4 F.4th 287
5th Cir.2021Background
- In 1995 Juan Trujillo was convicted in Texas of intoxication manslaughter (Tex. Penal Code §49.08(a)) and sentenced to ten years; he was deported and later reentered the U.S. multiple times.
- In 2017 Trujillo pleaded guilty to illegal reentry; the indictment and PSR classified his 1995 Texas conviction as an "aggravated felony," charging him under 8 U.S.C. §1326(b)(2) (20-year statutory maximum).
- Trujillo did not object to the PSR or at sentencing; the district court imposed a within-Guidelines sentence of 72 months (well below either the ten- or twenty-year statutory maximum).
- On appeal the Government conceded that Texas intoxication manslaughter does not qualify as a "crime of violence" under 18 U.S.C. §16(a), so §1326(b)(2) was incorrectly applied.
- The Fifth Circuit concluded the Texas statute requires only negligent/accidental causation and therefore does not meet §16(a)’s "use of physical force" element as interpreted by the Supreme Court.
- The court reformed the judgment to reflect conviction and sentencing under §1326(b)(1) (ten-year statutory maximum) but declined to vacate and remand for resentencing because the error did not affect the imposed sentence.
Issues
| Issue | Plaintiff's Argument | Defendant's Argument | Held |
|---|---|---|---|
| Whether Tex. Penal Code §49.08(a) intoxication manslaughter is a "crime of violence" under 18 U.S.C. §16(a) | Government conceded the Texas offense does not qualify under §16(a). | Trujillo argued the statute requires only accidental or negligent causation and thus is not a §16(a) crime. | Court held §49.08(a) is not a §16(a) "crime of violence" (Leocal controlling); §1326(b)(2) classification was erroneous. |
| Whether the forfeited error is reviewed for plain error | Government argued plain-error review applies because Trujillo forfeited objection. | Trujillo argued the misclassification was erroneous and affected rights. | Court applied plain-error standard, found the error clear/obvious, and reformed the judgment to §1326(b)(1). |
| Whether the misclassification affected Trujillo's sentence and requires remand | Government argued the sentence was within the Guidelines, below the correct statutory max, and the record shows the statutory max did not influence sentencing. | Trujillo sought vacatur and remand to allow the district court to consider whether the error influenced sentencing. | Court held there is no indication the error affected sentencing, refused remand, and affirmed the sentence as reformed. |
Key Cases Cited
- Leocal v. Ashcroft, 543 U.S. 1 (U.S. 2004) (interpreting §16(a) to require more than negligent or accidental conduct to qualify as a "crime of violence").

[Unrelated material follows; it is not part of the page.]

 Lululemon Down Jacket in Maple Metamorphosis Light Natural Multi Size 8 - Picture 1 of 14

- Sessions v. Dimaya, 138 S. Ct. 1204 (U.S. 2018) (holding §16(b) unconstitutionally vague).
- Puckett v. United States, 556 U.S. 129 (U.S. 2009) (plain-error review framework).

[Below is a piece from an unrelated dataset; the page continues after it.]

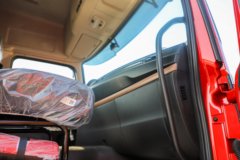 东风畅行X3 4.5L柴油 280马力 4X2 法士特8档 仓栅式载货车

- United States v. Mondragon-Santiago, 564 F.3d 357 (5th Cir. 2009) (defendant must show the error affected the outcome to warrant remand).
- United States v. Godoy, 890 F.3d 531 (5th Cir. 2018) (reforming §1326 judgments when misclassified under §1326(b)(2)).

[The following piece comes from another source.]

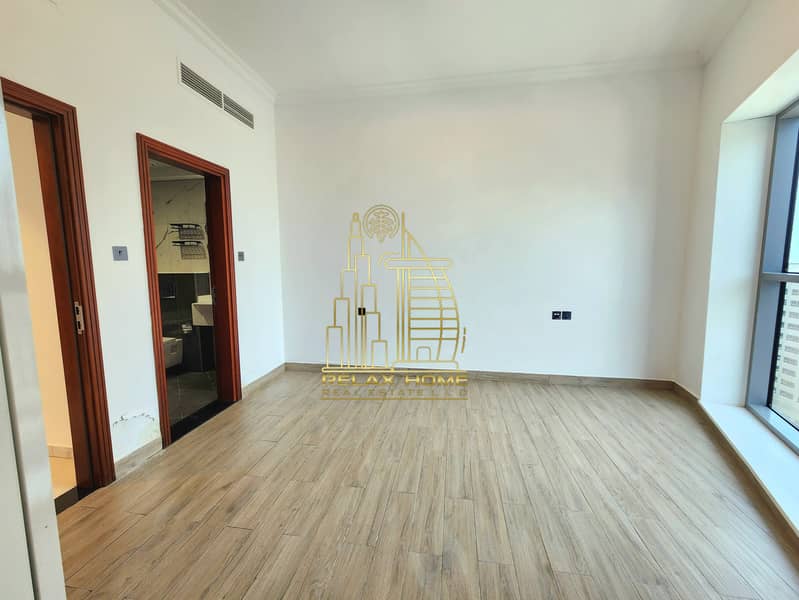 Lavish 1BHK | Big Balcony | Prime Location | Nice Community - Image 7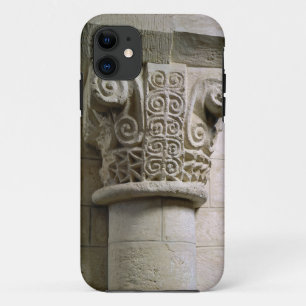 title_seo2 Columna tallada adornada con los báculos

- United States v. Ovalle-Garcia, 868 F.3d 313 (5th Cir. 2017) (unlawful reentry after an aggravated felony can itself be an aggravated felony).
- United States v. Castaneda-Lozoya, 812 F.3d 457 (5th Cir. 2016) (applying plain-error review).
- United States v. Lavalais, 960 F.3d 180 (5th Cir. 2020) (defendant bears burden to demonstrate plain-error prongs).